Lors du référendum de 2013, le débat s’est focalisé sur les économies d’échelle, argument que les défenseurs du Grand Est reprennent désormais à leur compte. Aujourd’hui le débat entre collectivités tourne autour de l’amélioration du quotidien de nos concitoyens. L’intention est louable, mais n’a-t-on pas oublié l’essentiel ?
Réduire une collectivité territoriale à un rôle de prestataire de service, n’est-ce pas une vision consumériste et technocratique de la politique ? Subordonner le périmètre d’une collectivité à l’efficacité - prétendue ou effective - de son action, n’est-ce pas oublier que la raison d’être d’une institution démocratique est d’incarner une communauté humaine ayant conscience de son unité et manifestant sa volonté de vivre en commun ?

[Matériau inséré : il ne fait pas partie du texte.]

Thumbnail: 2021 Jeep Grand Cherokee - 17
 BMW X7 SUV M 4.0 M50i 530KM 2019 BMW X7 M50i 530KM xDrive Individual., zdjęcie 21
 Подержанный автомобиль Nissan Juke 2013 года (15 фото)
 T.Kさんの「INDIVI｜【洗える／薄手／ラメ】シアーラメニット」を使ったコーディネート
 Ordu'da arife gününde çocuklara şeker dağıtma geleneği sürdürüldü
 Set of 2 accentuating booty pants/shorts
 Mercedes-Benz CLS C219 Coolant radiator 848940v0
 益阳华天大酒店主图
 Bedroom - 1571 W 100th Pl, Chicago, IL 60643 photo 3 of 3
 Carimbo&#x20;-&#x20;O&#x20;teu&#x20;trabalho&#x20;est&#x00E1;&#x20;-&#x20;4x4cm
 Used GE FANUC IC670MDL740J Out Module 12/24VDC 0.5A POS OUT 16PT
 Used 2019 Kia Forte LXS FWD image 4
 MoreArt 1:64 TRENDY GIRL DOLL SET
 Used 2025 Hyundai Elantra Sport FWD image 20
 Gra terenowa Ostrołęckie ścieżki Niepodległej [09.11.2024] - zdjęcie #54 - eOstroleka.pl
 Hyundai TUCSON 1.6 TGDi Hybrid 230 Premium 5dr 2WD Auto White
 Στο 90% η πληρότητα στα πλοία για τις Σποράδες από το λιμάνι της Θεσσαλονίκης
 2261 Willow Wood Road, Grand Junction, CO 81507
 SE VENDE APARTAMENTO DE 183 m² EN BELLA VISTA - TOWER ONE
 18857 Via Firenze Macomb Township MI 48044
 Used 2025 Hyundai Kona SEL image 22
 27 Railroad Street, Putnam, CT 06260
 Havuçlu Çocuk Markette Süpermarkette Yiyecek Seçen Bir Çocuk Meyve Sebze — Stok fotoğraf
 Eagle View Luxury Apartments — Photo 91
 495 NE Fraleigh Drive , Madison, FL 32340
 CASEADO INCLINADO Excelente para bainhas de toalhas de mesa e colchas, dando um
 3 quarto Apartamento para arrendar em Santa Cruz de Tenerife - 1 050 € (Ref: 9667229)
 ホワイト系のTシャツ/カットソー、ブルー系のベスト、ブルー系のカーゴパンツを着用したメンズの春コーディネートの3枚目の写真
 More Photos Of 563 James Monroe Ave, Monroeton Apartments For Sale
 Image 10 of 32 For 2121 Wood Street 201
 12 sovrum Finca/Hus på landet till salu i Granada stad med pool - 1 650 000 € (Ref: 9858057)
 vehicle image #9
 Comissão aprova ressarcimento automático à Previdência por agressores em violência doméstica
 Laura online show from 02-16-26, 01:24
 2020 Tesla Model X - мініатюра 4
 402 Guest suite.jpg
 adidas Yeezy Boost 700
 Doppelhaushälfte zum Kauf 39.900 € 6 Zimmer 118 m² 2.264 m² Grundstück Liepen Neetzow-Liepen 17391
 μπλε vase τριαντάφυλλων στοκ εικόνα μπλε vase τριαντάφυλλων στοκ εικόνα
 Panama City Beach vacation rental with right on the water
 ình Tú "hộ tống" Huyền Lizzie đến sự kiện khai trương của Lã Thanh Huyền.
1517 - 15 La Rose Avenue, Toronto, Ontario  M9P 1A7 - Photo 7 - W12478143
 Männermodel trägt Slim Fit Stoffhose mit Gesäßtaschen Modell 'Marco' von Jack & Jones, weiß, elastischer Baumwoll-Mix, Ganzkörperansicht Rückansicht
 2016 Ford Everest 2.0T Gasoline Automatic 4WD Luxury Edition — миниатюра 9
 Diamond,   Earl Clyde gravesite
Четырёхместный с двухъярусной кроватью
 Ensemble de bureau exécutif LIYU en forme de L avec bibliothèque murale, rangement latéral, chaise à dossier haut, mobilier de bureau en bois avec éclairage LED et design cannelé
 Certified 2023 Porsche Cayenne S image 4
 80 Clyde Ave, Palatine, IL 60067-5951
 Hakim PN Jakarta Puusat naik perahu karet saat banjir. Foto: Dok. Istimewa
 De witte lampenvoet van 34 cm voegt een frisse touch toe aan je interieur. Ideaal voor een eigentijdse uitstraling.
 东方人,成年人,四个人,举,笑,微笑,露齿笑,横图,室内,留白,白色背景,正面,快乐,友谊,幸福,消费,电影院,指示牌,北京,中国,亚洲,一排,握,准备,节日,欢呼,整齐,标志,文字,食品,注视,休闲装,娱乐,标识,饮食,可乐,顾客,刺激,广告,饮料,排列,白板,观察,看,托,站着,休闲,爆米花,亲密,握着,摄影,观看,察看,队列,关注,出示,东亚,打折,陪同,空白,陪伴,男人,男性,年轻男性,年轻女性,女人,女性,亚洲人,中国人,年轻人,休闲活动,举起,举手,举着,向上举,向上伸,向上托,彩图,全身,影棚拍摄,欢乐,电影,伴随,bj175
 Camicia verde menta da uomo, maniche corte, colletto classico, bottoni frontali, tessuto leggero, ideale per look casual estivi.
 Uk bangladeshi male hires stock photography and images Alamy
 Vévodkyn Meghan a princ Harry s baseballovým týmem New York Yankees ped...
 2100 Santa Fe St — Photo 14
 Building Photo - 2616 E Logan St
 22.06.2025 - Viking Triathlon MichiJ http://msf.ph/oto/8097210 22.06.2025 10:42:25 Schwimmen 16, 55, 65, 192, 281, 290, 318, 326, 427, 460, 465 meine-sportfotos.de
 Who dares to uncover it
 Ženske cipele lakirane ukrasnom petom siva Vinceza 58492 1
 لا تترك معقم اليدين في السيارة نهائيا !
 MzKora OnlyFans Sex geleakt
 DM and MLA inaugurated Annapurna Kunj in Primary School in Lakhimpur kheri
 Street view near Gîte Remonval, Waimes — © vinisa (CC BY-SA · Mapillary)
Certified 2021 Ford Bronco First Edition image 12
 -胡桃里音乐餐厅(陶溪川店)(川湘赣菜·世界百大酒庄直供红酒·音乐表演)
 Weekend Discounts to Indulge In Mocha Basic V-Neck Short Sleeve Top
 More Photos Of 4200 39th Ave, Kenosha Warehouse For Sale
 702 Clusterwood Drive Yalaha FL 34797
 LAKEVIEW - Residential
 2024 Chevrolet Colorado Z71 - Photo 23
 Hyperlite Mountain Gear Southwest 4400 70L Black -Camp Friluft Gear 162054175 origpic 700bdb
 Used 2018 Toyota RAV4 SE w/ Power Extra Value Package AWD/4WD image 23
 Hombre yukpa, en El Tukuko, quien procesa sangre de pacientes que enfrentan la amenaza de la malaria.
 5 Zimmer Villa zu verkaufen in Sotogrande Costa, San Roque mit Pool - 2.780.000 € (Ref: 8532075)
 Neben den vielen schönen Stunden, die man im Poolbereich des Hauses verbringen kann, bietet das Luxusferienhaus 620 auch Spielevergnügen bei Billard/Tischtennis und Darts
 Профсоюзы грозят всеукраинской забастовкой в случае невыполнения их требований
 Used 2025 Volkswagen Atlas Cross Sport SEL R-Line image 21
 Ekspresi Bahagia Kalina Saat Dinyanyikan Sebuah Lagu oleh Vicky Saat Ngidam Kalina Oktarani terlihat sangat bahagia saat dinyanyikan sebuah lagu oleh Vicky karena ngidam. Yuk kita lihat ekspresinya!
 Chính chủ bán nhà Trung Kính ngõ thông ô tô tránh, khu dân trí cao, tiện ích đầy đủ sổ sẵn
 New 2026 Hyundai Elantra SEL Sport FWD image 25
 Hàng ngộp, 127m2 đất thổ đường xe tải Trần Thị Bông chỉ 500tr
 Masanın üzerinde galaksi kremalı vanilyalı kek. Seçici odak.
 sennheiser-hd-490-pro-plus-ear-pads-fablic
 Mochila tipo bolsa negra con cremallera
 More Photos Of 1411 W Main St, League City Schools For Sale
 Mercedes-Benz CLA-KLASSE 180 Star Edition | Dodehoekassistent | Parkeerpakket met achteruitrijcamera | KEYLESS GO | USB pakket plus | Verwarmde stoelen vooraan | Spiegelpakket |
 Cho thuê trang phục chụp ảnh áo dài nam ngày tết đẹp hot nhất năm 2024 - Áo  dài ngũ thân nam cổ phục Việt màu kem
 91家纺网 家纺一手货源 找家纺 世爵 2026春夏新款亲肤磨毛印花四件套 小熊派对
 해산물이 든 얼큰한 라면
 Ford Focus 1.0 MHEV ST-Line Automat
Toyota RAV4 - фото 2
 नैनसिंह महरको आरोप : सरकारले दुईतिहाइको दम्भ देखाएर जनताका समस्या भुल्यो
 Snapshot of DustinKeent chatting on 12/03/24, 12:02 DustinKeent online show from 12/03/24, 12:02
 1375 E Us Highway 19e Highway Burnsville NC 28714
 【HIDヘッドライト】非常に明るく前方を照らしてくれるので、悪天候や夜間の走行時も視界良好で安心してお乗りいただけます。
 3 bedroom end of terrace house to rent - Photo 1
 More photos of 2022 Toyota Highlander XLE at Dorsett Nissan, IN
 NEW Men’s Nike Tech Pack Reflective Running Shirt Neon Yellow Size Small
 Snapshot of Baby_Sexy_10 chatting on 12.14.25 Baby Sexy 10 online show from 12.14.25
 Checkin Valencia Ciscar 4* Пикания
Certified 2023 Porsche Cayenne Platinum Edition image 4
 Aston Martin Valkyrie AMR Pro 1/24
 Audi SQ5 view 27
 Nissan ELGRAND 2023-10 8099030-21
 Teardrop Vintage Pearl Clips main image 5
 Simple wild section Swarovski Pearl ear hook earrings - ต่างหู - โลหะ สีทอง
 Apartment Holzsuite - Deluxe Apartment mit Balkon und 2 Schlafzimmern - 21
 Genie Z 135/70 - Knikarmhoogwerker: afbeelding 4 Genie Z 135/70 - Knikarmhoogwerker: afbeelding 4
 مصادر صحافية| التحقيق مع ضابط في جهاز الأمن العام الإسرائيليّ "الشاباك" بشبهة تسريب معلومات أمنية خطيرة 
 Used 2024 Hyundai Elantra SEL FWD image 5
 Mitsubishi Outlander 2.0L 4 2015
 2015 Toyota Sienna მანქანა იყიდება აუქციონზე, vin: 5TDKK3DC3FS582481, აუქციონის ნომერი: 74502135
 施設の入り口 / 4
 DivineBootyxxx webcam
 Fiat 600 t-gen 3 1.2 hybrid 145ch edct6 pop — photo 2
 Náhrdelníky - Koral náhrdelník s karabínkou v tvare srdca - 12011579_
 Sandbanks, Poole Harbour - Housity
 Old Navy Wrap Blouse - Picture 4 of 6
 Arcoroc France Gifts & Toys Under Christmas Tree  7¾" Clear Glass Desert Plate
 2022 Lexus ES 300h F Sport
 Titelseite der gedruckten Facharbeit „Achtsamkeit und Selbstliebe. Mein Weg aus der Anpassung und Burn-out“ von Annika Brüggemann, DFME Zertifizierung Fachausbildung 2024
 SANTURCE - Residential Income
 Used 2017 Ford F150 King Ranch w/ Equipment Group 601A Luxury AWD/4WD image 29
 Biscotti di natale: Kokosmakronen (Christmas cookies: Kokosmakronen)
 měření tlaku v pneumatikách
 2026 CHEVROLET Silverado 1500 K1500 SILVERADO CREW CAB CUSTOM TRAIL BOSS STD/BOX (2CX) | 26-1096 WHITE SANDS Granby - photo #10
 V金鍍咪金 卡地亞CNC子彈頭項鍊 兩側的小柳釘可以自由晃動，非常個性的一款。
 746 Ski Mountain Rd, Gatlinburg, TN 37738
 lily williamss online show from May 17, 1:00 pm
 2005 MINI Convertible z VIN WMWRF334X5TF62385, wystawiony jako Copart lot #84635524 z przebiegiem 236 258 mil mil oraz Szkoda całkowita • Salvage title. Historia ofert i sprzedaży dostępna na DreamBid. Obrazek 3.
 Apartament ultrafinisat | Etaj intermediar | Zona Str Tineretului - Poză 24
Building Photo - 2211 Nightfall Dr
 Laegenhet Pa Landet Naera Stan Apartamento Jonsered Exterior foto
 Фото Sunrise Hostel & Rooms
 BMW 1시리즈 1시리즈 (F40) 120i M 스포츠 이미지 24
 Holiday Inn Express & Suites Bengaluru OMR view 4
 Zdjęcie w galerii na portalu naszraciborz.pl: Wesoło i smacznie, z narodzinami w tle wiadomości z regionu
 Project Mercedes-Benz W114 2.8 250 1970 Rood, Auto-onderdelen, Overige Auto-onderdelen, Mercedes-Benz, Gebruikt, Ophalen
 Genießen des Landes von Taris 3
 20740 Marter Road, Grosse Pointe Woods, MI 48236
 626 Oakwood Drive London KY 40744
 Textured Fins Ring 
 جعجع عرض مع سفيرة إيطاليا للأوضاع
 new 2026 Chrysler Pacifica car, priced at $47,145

Au fond, l’échec du référendum de 2013 et le rejet de la région Grand Est relèvent de la même cause : une vision utilitariste des collectivités territoriales. Dans les deux cas, on a voulu oublier cette communauté humaine que nous appelons le peuple alsacien. On a parlé du corps et non de l’âme.
En 2013, il s’agissait de réfuter toute connotation identitaire au projet. Les opposants se sont alors habilement positionnés sur ce terrain laissé vacant en montant en épingle une prétendue rivalité Haut- et Bas-Rhinois. En 2014, le gouvernement a créé des grandes régions au nom de l’efficacité des politiques publiques. La notion d’identité a été sciemment écartée voire clairement combattue à l’instar du premier ministre Manuel Valls déclarant devant l’assemblée nationale qu’«il n’y a pas de peuple alsacien ». « Eppure, esiste ! », serait-on tenté de répondre en détournant les mots de Galilée face à ses inquisiteurs.
Effacer les repères s’inscrit dans ce que le philosophe Zygmunt Bauman a appelé la « liquidité ». La société liquide considère tout repère « solide », comme la morale ou la culture, comme un obstacle. Sa règle fondamentale est celle de l’adaptation au changement permanent en vue de la recherche du gain. Cette « liquidité » est d’ailleurs un trait de caractère commun aux trois présidents qu’a connu la région Grand Est.
Les enjeux économiques et sociaux n’effaceront jamais la quête de sens et de repères propres à l’être humain. Le débat actuel sur les questions institutionnelles nous pose précisément cette question : quel sens donner à une collectivité alsacienne à statut particulier ? Un simple service public ou la représentation d’un peuple ? A l’heure où la Collectivité Européenne d’Alsace se réunira en séance plénière pour porter un nouveau projet institutionnel, il faudra que ses élus aient le courage de prendre position sur cette question, comme l’ont fait jadis les élus corses en 1988.
La collectivité alsacienne que nous appelons de nos vœux doit être l’incarnation politique du peuple alsacien. Elle doit veiller à sa prospérité mais également et surtout à la pérennisation de sa culture et de ses valeurs. Seule la reconnaissance du peuple alsacien peut légitimer une nouvelle étape institutionnelle. Le temps de cette clarification est maintenant venu.